*** Provided records ***

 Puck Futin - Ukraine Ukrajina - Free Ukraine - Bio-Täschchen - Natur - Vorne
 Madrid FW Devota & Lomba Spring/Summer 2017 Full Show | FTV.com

*** End of Provided records ***
*** Provided records ***

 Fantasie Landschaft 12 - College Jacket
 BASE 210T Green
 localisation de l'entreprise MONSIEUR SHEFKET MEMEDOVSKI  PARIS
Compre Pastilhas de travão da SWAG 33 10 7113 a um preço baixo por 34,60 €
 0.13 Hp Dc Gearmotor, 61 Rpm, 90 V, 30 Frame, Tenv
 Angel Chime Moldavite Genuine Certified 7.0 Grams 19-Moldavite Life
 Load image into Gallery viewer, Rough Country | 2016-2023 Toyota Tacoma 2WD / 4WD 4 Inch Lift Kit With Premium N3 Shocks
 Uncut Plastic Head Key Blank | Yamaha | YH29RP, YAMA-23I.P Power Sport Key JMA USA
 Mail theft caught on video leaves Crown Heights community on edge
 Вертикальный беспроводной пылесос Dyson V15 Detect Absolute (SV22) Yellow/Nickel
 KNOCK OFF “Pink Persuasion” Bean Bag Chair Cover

*** End of Provided records ***

Exercise objective:
Go to the line with "Mail theft caught" in the entries above and repeat every line from there through the line with "Bag Chair Cover", exactly and with no other text.

The completed task:
 Mail theft caught on video leaves Crown Heights community on edge
 Вертикальный беспроводной пылесос Dyson V15 Detect Absolute (SV22) Yellow/Nickel
 KNOCK OFF “Pink Persuasion” Bean Bag Chair Cover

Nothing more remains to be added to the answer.